- **PROVIDED MATERIAL**
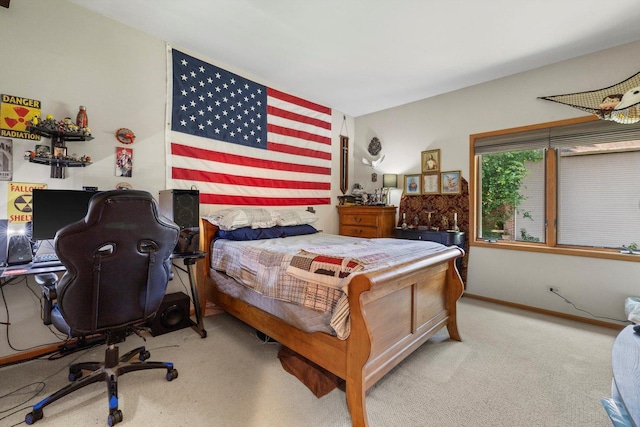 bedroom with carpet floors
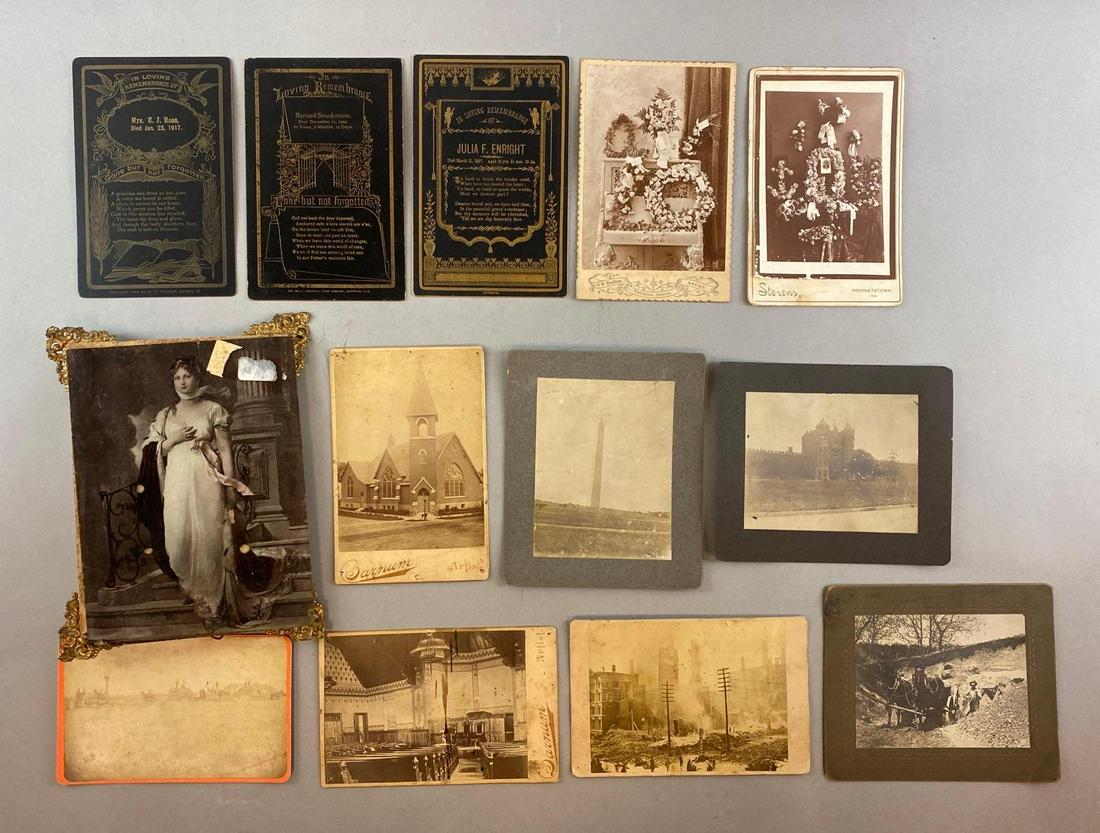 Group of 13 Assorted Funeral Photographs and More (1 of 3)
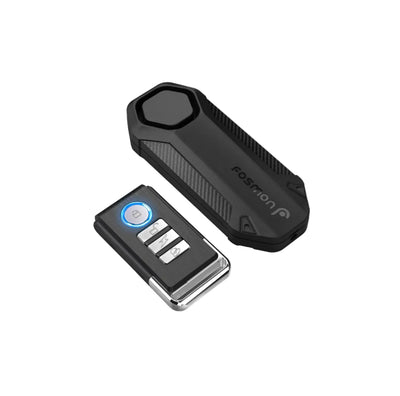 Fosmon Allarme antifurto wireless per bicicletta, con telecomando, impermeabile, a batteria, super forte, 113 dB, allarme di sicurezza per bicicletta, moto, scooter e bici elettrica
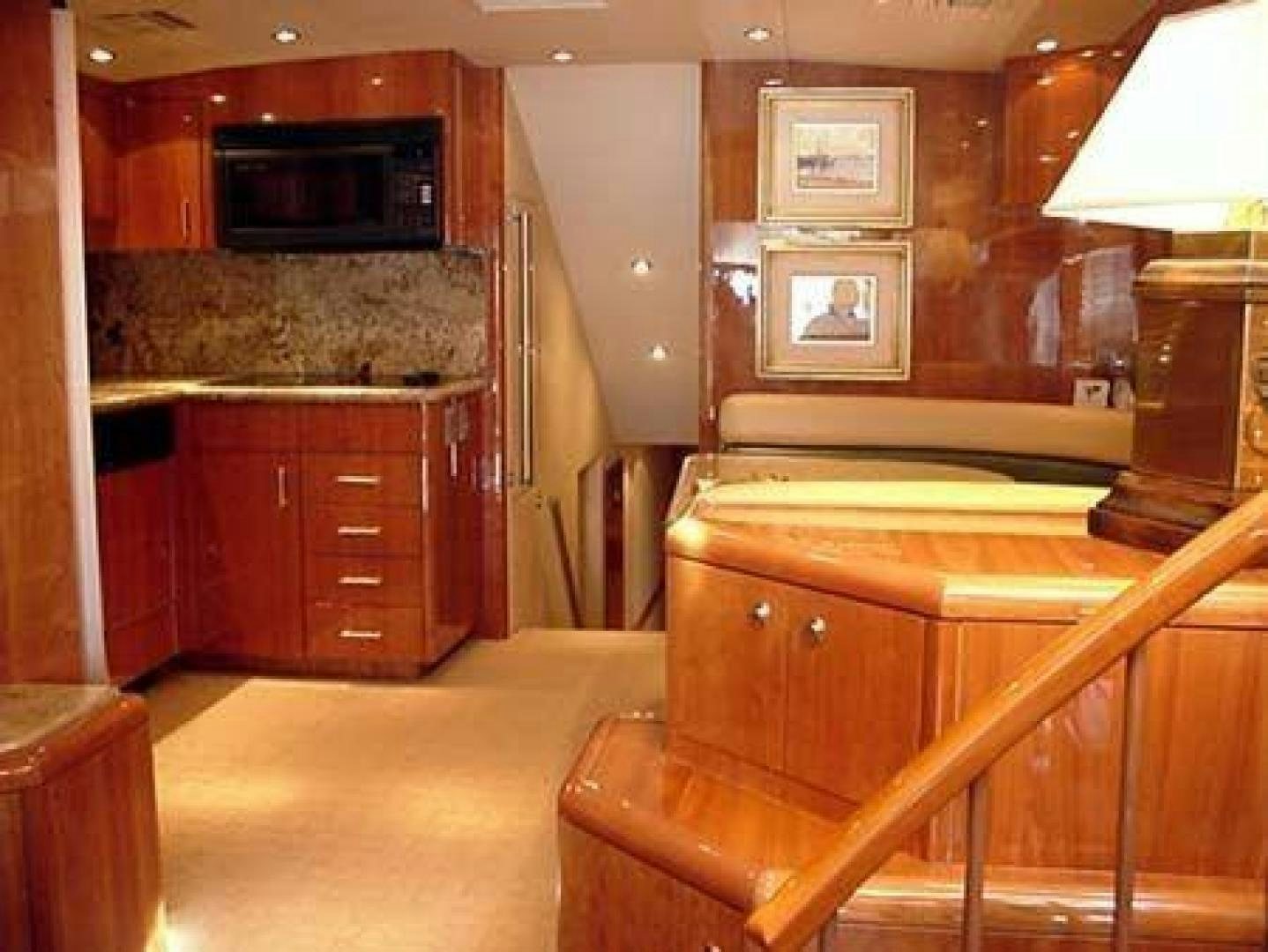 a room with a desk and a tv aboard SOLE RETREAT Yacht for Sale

- **PROMPT**
Since the pictures are not part of the copy, transcribe only the remaining material, exactly.

- **THE COMPLETED TASK**
 bedroom with carpet floors
 Group of 13 Assorted Funeral Photographs and More (1 of 3)
 Fosmon Allarme antifurto wireless per bicicletta, con telecomando, impermeabile, a batteria, super forte, 113 dB, allarme di sicurezza per bicicletta, moto, scooter e bici elettrica
 a room with a desk and a tv aboard SOLE RETREAT Yacht for Sale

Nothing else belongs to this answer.